Web Scraping with Python
Contents
Web Scraping with Python¶
This site is a collection of materials for a workshop on web scraping with Python. It’s intended to be used during the workshop, and for participants to reference after the fact. Even if you’re not attending this workshop, you might find it valuable to go through the code examples on your own, just know that that’s not the primary purpose of the materials.
Getting set up¶
Browsers and extension¶
In this workshop, we’ll be using both the Chrome and Firefox browsers, so you’ll need both to follow along. In addition to the browsers, you’ll also need an addon for Chrome called Scraper.

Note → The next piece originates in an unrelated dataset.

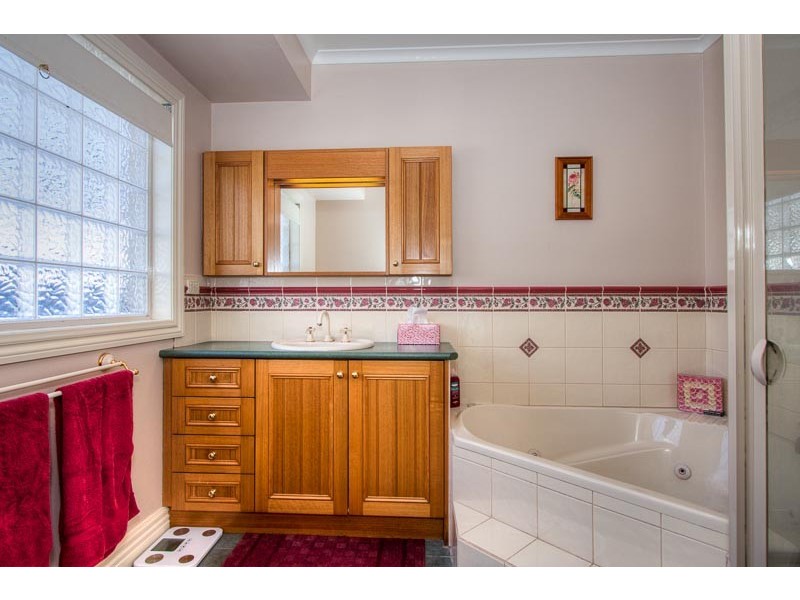 10 Wodalla Grove, New Gisborne VIC 3438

The materials here require Python 3.8+, as well as a number of libraries. There are a few different ways to make sure that you have all of the dependencies set up. For any of them, it’s best if you download or clone the repository for this site. All of the files for the contents of the workshop are in the book
directory of the repository, but downloading the repository will also give you the setup information outside of that repository.
Option 1: Poetry¶
I’m using poetry to manage my environment for this workshop, to make sure that I have an accurate list of what libraries are required for you to run my code. If you want to do the same, you can install poetry, then run poetry install
in your terminal the directory where you saved this repository. That will create a virtual environment that matches mine.
You still need to activate the environment after creating it. There are a few options for activating your environment, but I prefer running this command:
poetry shell
If you’re on Windows, poetry shell
might be the best option, although I find that the best way to use Python in Windows is to use the Windows subsystem for Linux. That isn’t required for this workshop by any means, but it’s worth checking out if you’re using Windows and tired of it being weird for coding.
Option 2: pip¶
If you’re more comfortable with pip, or just don’t want to get set up with poetry
, I’ve included a requirements.txt
as well. Running pip install -r requirements.txt
in the directory where you saved the workshop materials should also get your dependencies set up.
Option 3: Manual install¶
If you don’t want to do any of that, here’s just a list of the libraries to install, that you can do with as you please. This is the method that’s most likely to run into version conflicts, but as long as your Python version is more recent than 3.8, you should be okay. Hopefully.
requests
beautifulsoup4
jupyterlab
pandas
selenium
Selenium¶
The last part of the workshop uses the selenium
library, and is set up to use Firefox’s geckodriver
to make a Python-controlled browser. In order to make that work, you’ll need to install Firefox if you don’t already have it, and then set up geckodriver.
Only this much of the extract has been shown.